Bio::Matrix::PSM::IO::mast 

  sequence is unknown, but width is, so we supply it as 'NNN..'
  Accession number should be supplied as -accession_number

Bio::Matrix::PSM::InstanceSite 
  Bug fix: start method was overriding LocatableSeq method, and it
  shouldn't, fixed.

Bio::Matrix::PSM::IO::transfac 
  Throw exception if a position is not defined

Bio::Matrix::PSM::IO::mast meme transfac 
  Capitalization fixed when rearranging in new

Bio::Matrix::PSM::IO::mast meme transfac 
Capitalization fixed when rearranging in new

Bio::Matrix::PSM::InstanceSite 
  Bug fix: start method was overriding LocatableSeq method, and it
  shouldn't, fixed.

Bio::OntologyIO::dagflat 
  - fixes to ontology regex to parse a greater subset of DAG-Edit files.
    i have tracked down the files where DAG-Edit IDs are validated:

    GOFlatFileAdapter.java

    the regex still only matches a subset of the allowed characters in
    an identifier.  identifiers can be any non-whitespace, non ;$,:!\?
    characters > length 1 on either side of a : separator.  i've opted
    to match \w+:\w+, hopefully we don't need to go beyond this.

    adding escape of SGML and newlines/tabs.  is there a generic SGML
    escape module we want to add as a dependency?

Bio::OntologyIO
  adding escape of SGML and newlines/tabs.  is there a generic SGML
  escape module we want to add as a dependency?

Bio::Ontology::Term
  Bio::Phenotype::OMIM::OMIMentry OMIMparser finer parse the
  symptoms

Bio::PopGen Statistics
  update LD so that it will a) return an pair of values, LD and chiSQ.
  Also fix it so that composite_LD will calculate correctly with
  missing data

Bio::PrimarySeqI 
  translate() can take in a custom codon table

Bio::RangeI
  Make it so 'disconnected_ranges' sub don't cause warnings

Bio::Restriction::Analysis 
  Apply fix for bug #1548

Bio::Root::IO 
  - cleanup of debugging a little for uniformity
  - In order for rmtree() to work in cygwin

Bio::SearchIO::blastxml 
  blastxml expected <!DOCTYPE> and <BlastOutput> on the same line.  my
  version of blastall puts them on different lines, which caused the
  parse to fail (from internal refactoring of <?xml> and <!DOCTYPE>
  tags).

  this change fixes the bug.  tests added to SearchIO.t and a test
  blastxml file added.

Bio::SearchIO::Writer::GbrowseGFF 
  Gbrowse now allows tstart and tend tags for alignment features to
  make it more like normal GFF.

Bio::Seq::EncodedSeq 
  fixed strandedness issues

Bio::SeqFeature::Generic 
  It will accept a score of 0;
  modified Bio::Graphics::Glyph::graded_segment so that it draws a fg
  box around each segment by default (can restore default behavior
  with -vary_fg=>1)

Bio::SeqFeature::Tools::Unflattener 
  reuses exons (eg containment graph not a tree)

  improved algorithm for matching mRNAs with CDSs

Bio::SeqIO 
  alternate ABI extension for newer versions of software (requested by
  Jan Aerts)

Bio::SeqIO::swiss
Bio::SeqIO::genbank
Bio::SeqIO::embl 
  resoving bugzilla #1519

  1. fixed sprintf bug sometimes leading to extra space after ID tag

  2. OS line output for viri now contains all the information after
     species name.
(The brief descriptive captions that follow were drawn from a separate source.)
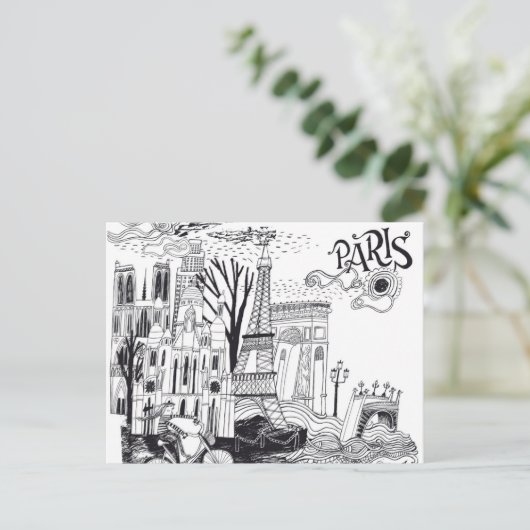 Paris France Doodle Briefkaart (Staand voorkant)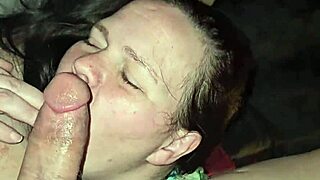 milf sucking cock while playing with her tits deep throat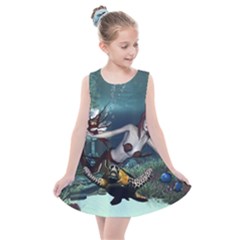 Wonderful Fmermaid With Turtle In The Deep Ocean Kids  Summer Dress by FantasyWorld7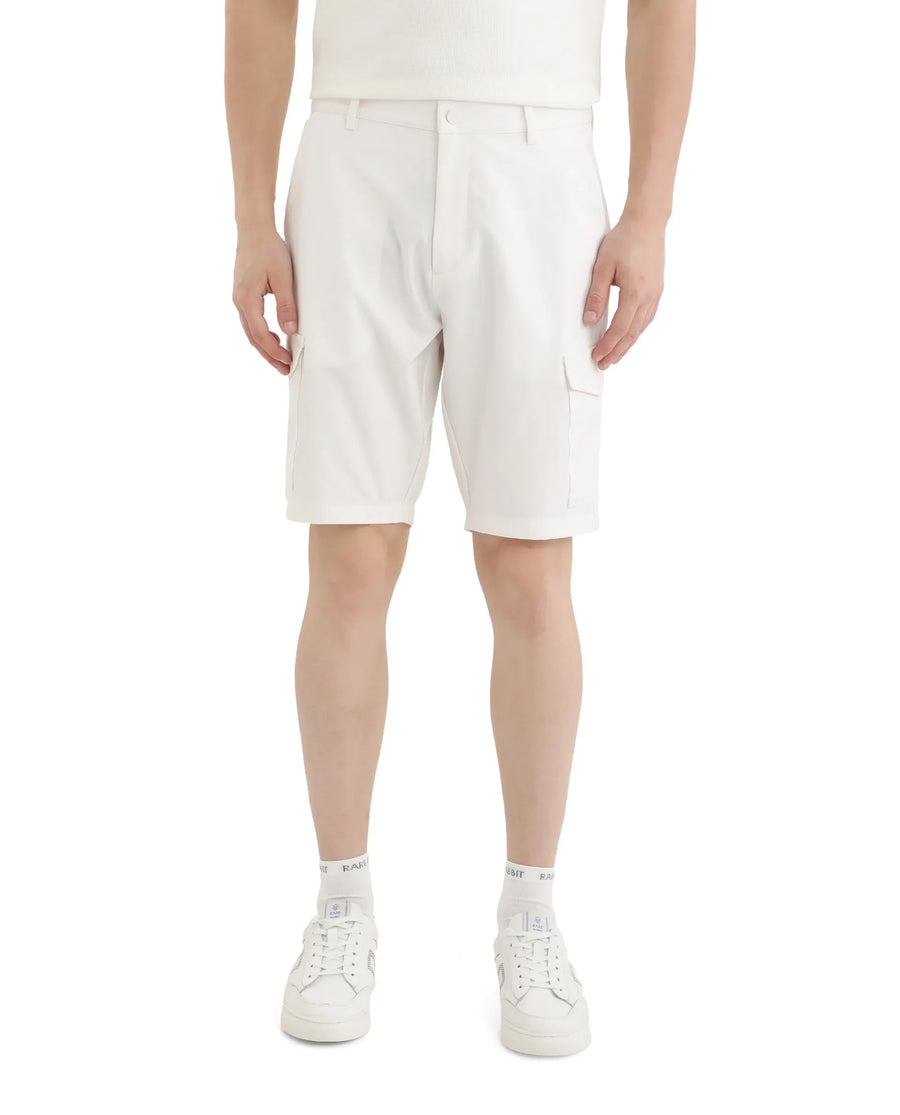 Rare Rabbit Men's Tripco White Polyester Blend Plain Relaxed Fit Shorts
The complex strain/abbreviation/common name list is
     stored in sub_species() which was previously not in use for viri.
     This is a hack but the (first) OS line now makes a perfect round
     trip.

Bio::SeqUtils
   translate_6frames() failed on sequences where bioperl would guess
   that the sequence string is protein. Streamlined coding of the
   method to avoid guessing.

Bio::SimpleAlign 
  - offset location of new seq with features by location of original
    seq requested to build from.
  - added rudimentary key/value parsing for maf 'a' lines
  - run clean with -w on
  - cleaned up unit test spurious warnings.
  - bugfix in maf parser for detecting last record in file.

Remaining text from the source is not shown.